Benzodiazepines Plus is an in vitro diagnostic test for the qualitative and semi-quantitative detection of benzodiazepines in human urine on automated clinical chemistry analyzers at cutoff concentrations of 100 ng/ml, 200 ng/ml and 300 ng/ml. Semi-quantitative test results may be obtained that permit laboratories to assess assay performance as part of a quality control program.

The Roche ONLINE DAT Benzodiazepines Plus assay is an in vitro diagnostic test for the qualitative and semi-quantitative detection of benzodiazepines in human urine on automated clinical chemistry analyzers at cutoff concentrations of 100 ng/ml, 200 ng/ml and 300 ng/ml.

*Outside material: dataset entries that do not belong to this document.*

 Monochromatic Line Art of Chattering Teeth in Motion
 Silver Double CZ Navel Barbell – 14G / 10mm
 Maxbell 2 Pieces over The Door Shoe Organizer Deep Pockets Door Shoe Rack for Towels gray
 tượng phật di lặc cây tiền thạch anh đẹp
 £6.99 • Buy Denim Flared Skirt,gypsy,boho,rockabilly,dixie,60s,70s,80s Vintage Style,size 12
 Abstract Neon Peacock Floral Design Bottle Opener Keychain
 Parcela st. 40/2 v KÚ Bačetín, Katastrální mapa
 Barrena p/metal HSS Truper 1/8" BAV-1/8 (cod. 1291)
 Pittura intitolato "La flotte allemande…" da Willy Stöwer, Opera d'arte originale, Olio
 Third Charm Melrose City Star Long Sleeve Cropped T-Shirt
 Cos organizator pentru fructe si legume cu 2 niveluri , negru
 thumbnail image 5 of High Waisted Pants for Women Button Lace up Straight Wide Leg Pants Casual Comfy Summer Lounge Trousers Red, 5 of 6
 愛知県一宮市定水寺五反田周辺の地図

Semiquantitative test results may be obtained that permit laboratories to assess assay performance as part of a quality control program. The assay is based on the kinetic interaction of microparticles in a solution (KIMS technology). Assay measurement is based on measurable changes in light transmission related to the interaction of microparticles in a solution and the sample drug of interest. if present. Benzodiazepine drug derivative is conjugated to microparticles in solution, and benzodiazepine polyclonal antibody (sheep) is solubilized in buffer. In the absence of sample drug, free antibody binds to drug-microparticle conjugates causing the formation of particle aggregates. As the aggregation reaction proceeds in the absence of sample drug, the absorbance increases. When a urine sample contains the drug in question, this drug competes with the particle-bound drug derivative for free antibody. Antibody bound to sample drug is no longer available to promote particle aggregation, and subsequent particle lattice formation is inhibited. The presence of sample drug diminishes the increasing absorbance in proportion to the concentration of drug in the sample. Sample drug content is determined relative to the value obtained for a known cutoff concentration of drug.

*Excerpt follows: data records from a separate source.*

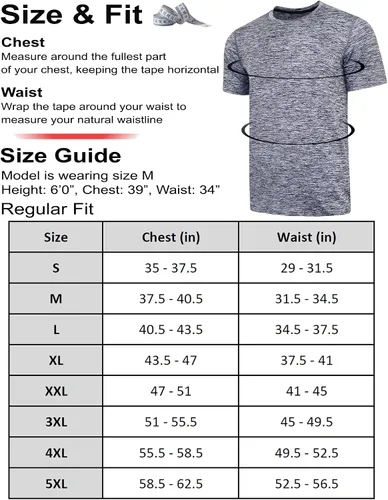 Miniatura 7 de Paquete de 5 camisetas de manga corta, con cuello redondo y de secado rápido para hombre, camisetas deportivas para correr, entrenar o ir al gimnasio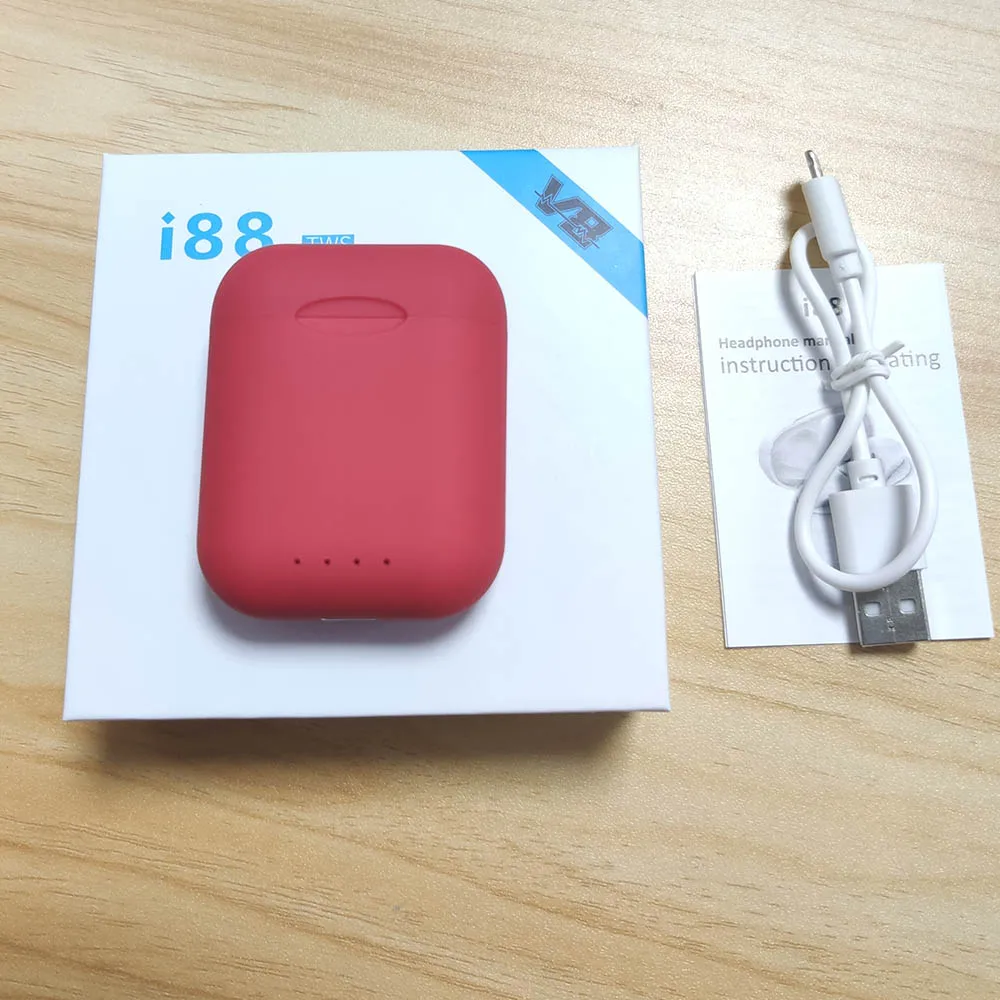 i88 Orange red Оригинальные матовые беспроводные наушники i88 TWS с Bluetooth, наушники с сенсорным управлением, bluetooth 5,0 с микрофоном, Bluetooth наушники - Цвет: i88 Orange red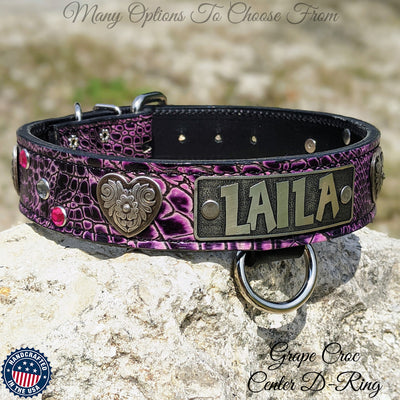 Leather Dog Collar with Name Plate, Gems & Hearts 1.5" Wide - VN2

The provided text describes a 510(k) summary for the Roche ONLINE DAT Benzodiazepines Plus assay, an in vitro diagnostic test for detecting benzodiazepines in human urine. However, it does not contain the detailed study information, acceptance criteria, or performance data that would allow for a complete answer to your request.

Specifically, the document focuses on regulatory approval and equivalence to a predicate device, rather than a detailed performance study with explicit acceptance criteria and corresponding results.

Therefore, I cannot provide a table of acceptance criteria and reported device performance, nor details about sample sizes, ground truth establishment, expert qualifications, or MRMC studies.

What can be gathered from the provided text:

• Device Name: ONLINE DAT Benzodiazepines Plus
• Intended Use: Qualitative and semi-quantitative detection of benzodiazepines in human urine on automated clinical chemistry analyzers at cutoff concentrations of 100 ng/ml, 200 ng/ml, and 300 ng/ml. Semi-quantitative results allow assessment of assay performance as part of a quality control program.
• Predicate Device: Abuscreen OnLine Benzodiazepines assay (K983702).
• Technology: Kinetic interaction of microparticles in a solution (KIMS technology).
• Differences from Predicate (Improvements):
  • Change in accelerant/activator in the diluent solution for the antibody working solution.
  • Change in polyclonal antibody purification (from non-specific IgG binding to immunoaffinity purification).
  • Improved precision.
  • Use of new (previously cleared) calibrators and unassayed controls.
• Regulatory Status: Substantially equivalent to the predicate device, allowing it to be marketed.

Missing Information (and why it's missing from this document):

The 510(k) summary provided is a high-level overview for regulatory filing. It emphasizes substantial equivalence to a previously cleared device. A full study report, which would typically contain the detailed performance data, acceptance criteria, sample sizes, and ground truth methodologies, is not included in this summary. Such details would be found in the manufacturer's internal validation studies, not necessarily in the public-facing 510(k) summary.

In conclusion, while the document explains the device's purpose and its regulatory pathway, it does not offer the specific data points required to fill out the table and answer the detailed questions about acceptance criteria and study particulars.